Price will be a factor here, but not the sole factor. Other aspects such as level of service and quality of communications will also come into play.
So for our research we wanted to understand what consumers value from advice, and also how satisfied they are. The below chart shows the results of this exercise.
The aspects listed are those that consumers who have paid for advice tell us are important to them. And for every single one of these, we can see a year-on-year improvement from what was already a healthy position.
Overall levels of satisfaction are equally positive.
Some 74% of consumers who have paid for advice in the last two years report good to high levels of satisfaction with the core service offered by their adviser.
When we ask consumers specifically about value for money this sentiment has increased by more than a fifth, moving from 54% in the 2023 study to 66% where consumers awarding seven or above out of 10. And 77% of consumers say the advice met or exceeded their expectations.

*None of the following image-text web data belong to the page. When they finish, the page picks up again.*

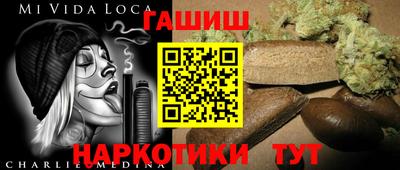 стафф Будённовск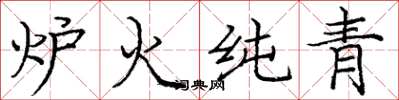 龐中華爐火純青楷書怎么寫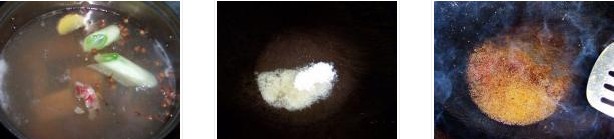 紅燜羊排的做法圖文步驟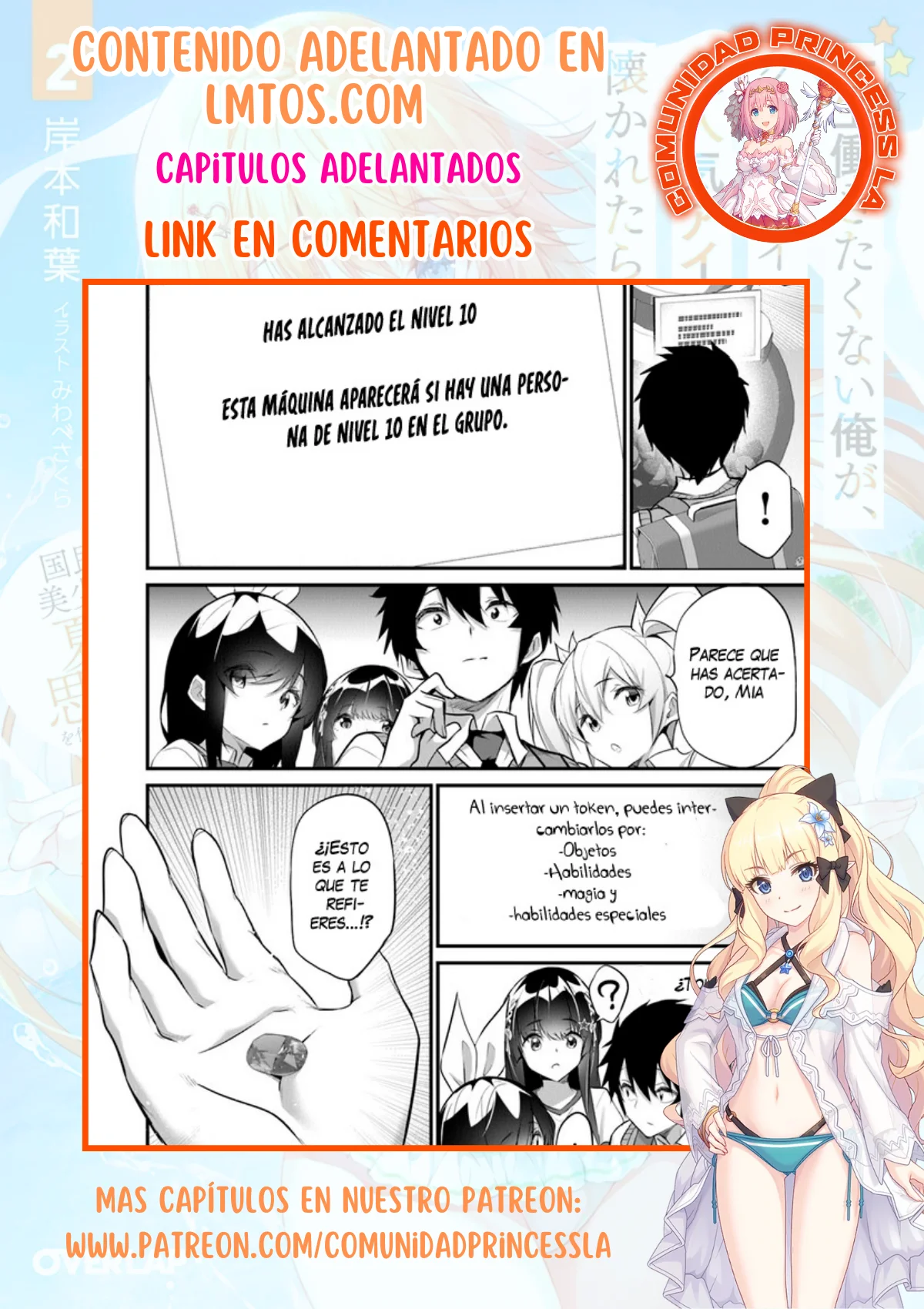 Página 31 del Manga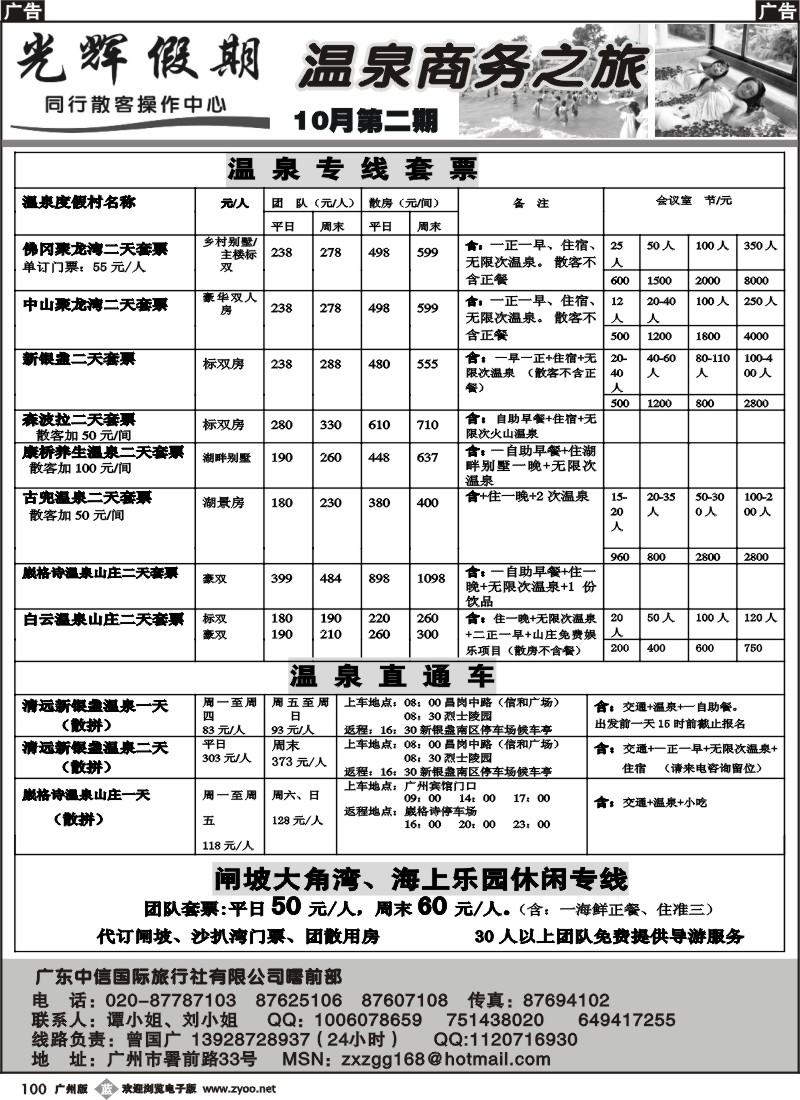 b100光辉假期-温泉商务之旅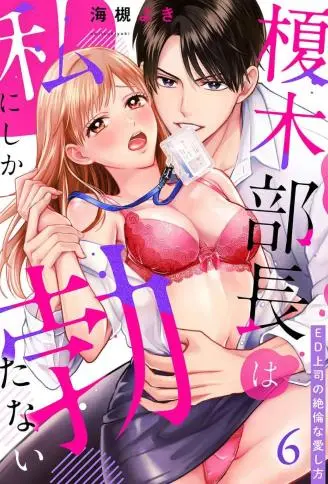 榎木部长只对我硬得起来～不举上司疯狂的宠爱方式 WB版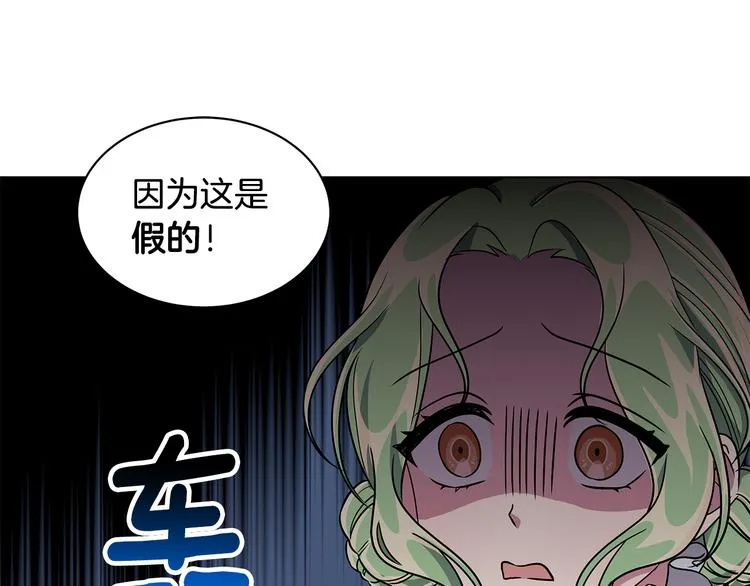 第6话 假邀请函 第120页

Whatever way you look at it, the results are hugely positive. This is a strong endorsement of the value advisers are delivering to their clients.
What about price and costs?
Even with value of advice aspects scoring as highly as this, it is possible (at least theoretically) to destroy all value if the costs are too high.

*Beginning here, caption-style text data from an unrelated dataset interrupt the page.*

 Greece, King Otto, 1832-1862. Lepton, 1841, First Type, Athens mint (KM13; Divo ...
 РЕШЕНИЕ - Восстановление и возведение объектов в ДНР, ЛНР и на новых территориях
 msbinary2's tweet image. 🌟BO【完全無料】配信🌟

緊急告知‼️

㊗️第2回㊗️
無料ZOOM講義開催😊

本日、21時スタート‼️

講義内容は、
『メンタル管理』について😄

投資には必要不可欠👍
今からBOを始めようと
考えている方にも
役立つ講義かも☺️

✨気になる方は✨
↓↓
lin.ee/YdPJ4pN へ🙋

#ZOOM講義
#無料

These sorts of self-defeating transactions have long been highlighted by the regulator as very poor practice. The FCA’s Conduct of Business Sourcebook (COBS) contained guidance to this effect long before Consumer Duty was implemented.

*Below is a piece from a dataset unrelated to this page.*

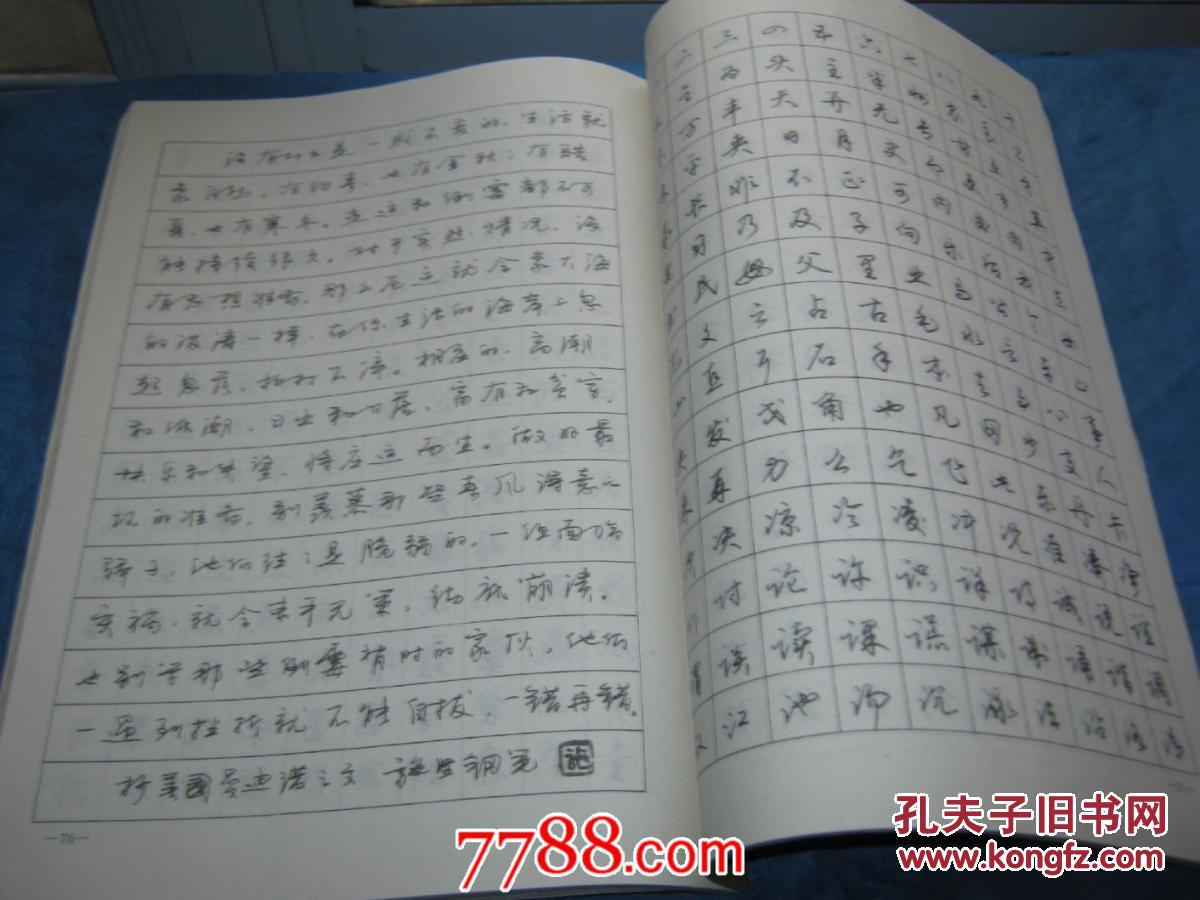 《实用钢笔书法自学教材》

When it comes to our research, our findings suggest adviser fee models are evolving post-Consumer Duty, with an increased use of capped or fixed fees.
Consumer understanding of these fees is reasonably healthy, with an average score of 7.3 (on a scale of 1-10) when we asked consumers whether they understood the fees they are paying.
Some 81% of consumers who have paid for advice are satisfied with the level of fees they are paying, but this falls to 74% for the over 55 age bracket. Considering the importance of this demographic to most advice firms, this is perhaps one area for improvement.
But ultimately this is a positive message.
There is a lot of focus on the value of advice, but every time we ask these questions to the most important people in this debate (the end client), the answers are increasingly positive.
The moral of the story? Advice is of value, and people who pay for it are increasingly satisfied.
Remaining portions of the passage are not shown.